Making free residential fibre upgrades conditional on time or monetary commitments by the customer essentially replicates NBN Co’s approach to similar upgrades for business customers.
It is, however, a departure from previous commentary which suggested that NBN Co would not force upgraders to commit to a certain contract period.
"We don't have any lock-in with the retailers,” NBN Co’s chief customer officer Brad Whitcomb told Senate Estimates last year.
“That would be up to the retailer themselves. If [the user] signed a contract with the retailer, the retailer may hold them to it, but that wouldn't be NBN's decision."
If NBN Co does wind up enforcing contract terms, it will set the minimum time period in consultation with RSPs, a spokesperson told iTnews.
“NBN Co is reviewing the feasibility of offering the technology change from FTTN to FTTP,” NBN Co’s spokesperson said.
“As part of this evaluation, NBN Co is considering different ways to help ensure this program earns a reasonable rate of return.
“Some of the options currently under review by NBN Co include a downgrade/modification fee applicable where, following an upgrade to FTTP at a premises, an RSP requests to downgrade a customer’s service to a speed below the minimum eligible bandwidth profile (currently 100/20Mbps) before a minimum specified timeframe has elapsed.”
NBN Co is also considering “term contracts, the duration of which would be determined following consultation with RSPs; a one-off service charge payable as a partial contribution for the lead-in installation; or a commercial structure incentivising certain behaviours” at an aggregate RSP level, the spokesperson said.
The spokesperson did not elaborate on the behaviours it may seek to incentivise, however this could essentially encompass Whitcomb’s earlier commentary, putting the onus on RSPs to come up with and enforce mutually agreeable minimum terms, thus negating the need for NBN Co to formally set them.

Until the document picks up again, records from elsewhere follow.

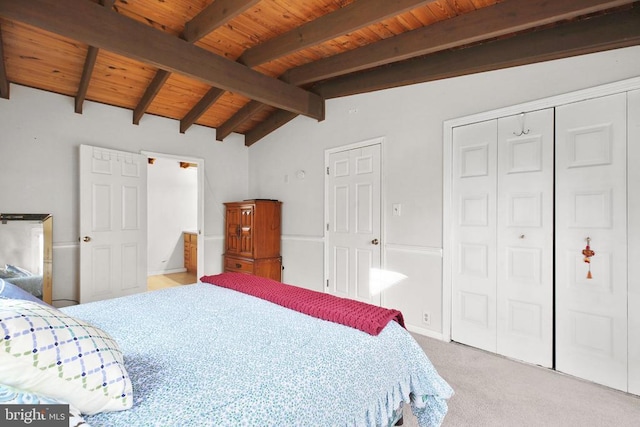 carpeted bedroom with lofted ceiling with beams, a closet, and wooden ceiling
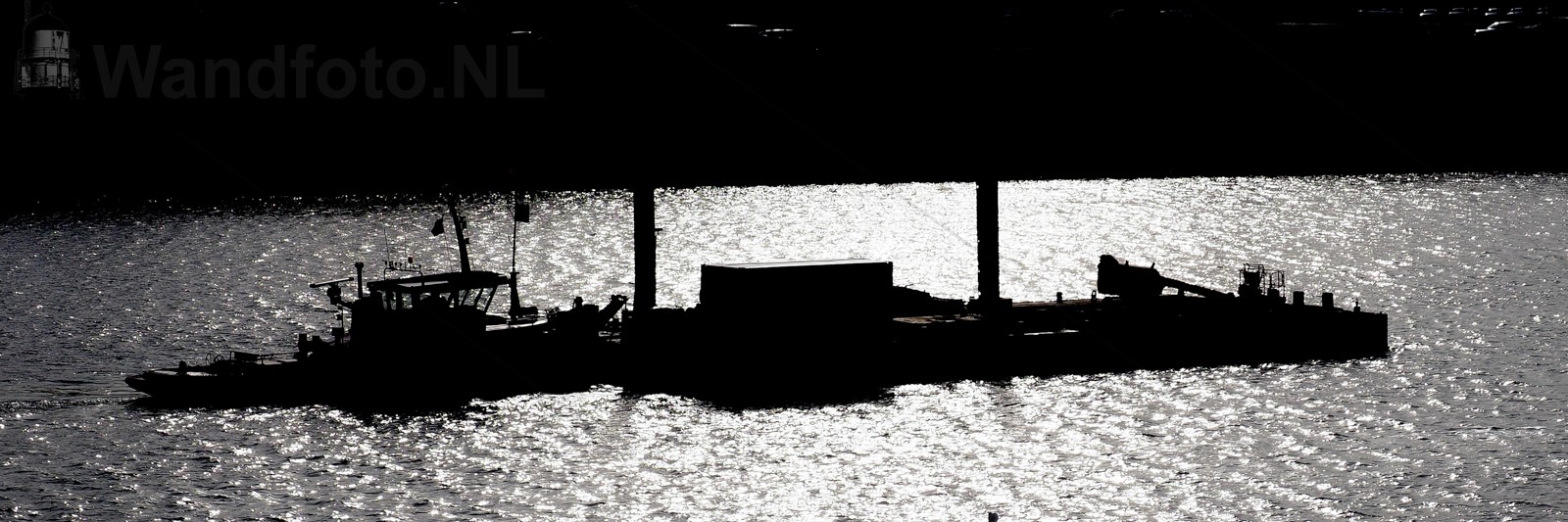 Sleepboot Ida met ponton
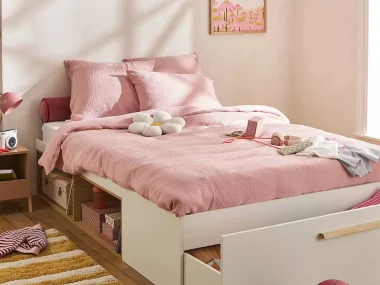 Chambre d'enfant rose avec lit blanc à rangements, tiroir sous le sommier et linge de lit rose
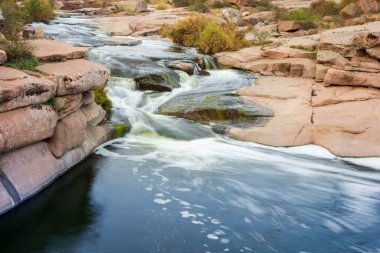 Kayaların üzerinden akan güzel dağ nehri. Dağ nehrinde akan su, yaklaş.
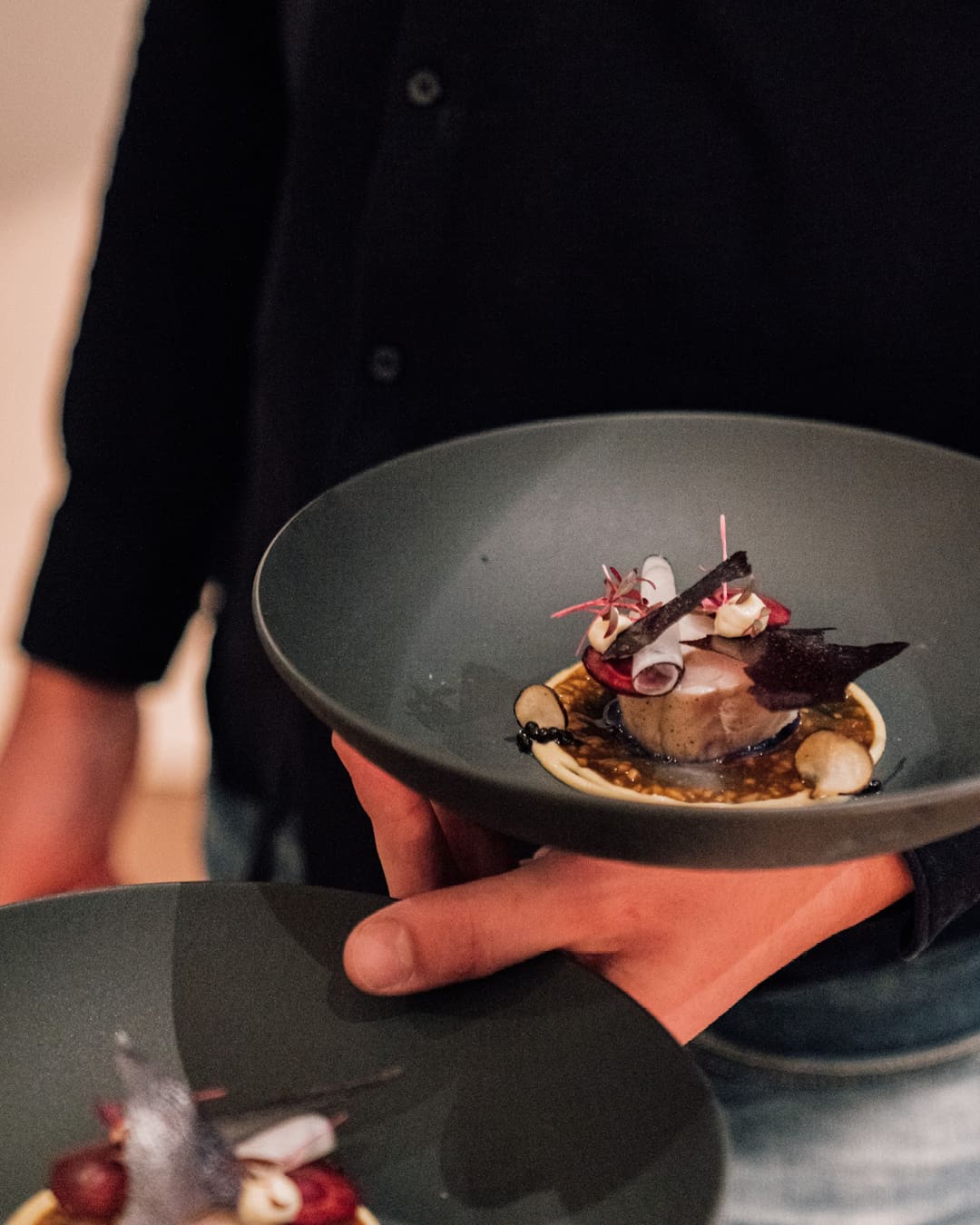 A fish dish served on a grey bowl at Concors restaurant in Utrecht.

Telecommunications industry publication CommsDay was first to report the four draft options for cost recovery.
It is understood that NBN Co wants to ensure that only customers with a genuine long-term need or want for higher speeds access the free upgrade program.
NBN Co is accepting submissions from RSPs on this first batch of ideas up until February 19.
It will further consult on the outcome of this initial round of feedback via a further proposal to be issued to the industry in late March or early April.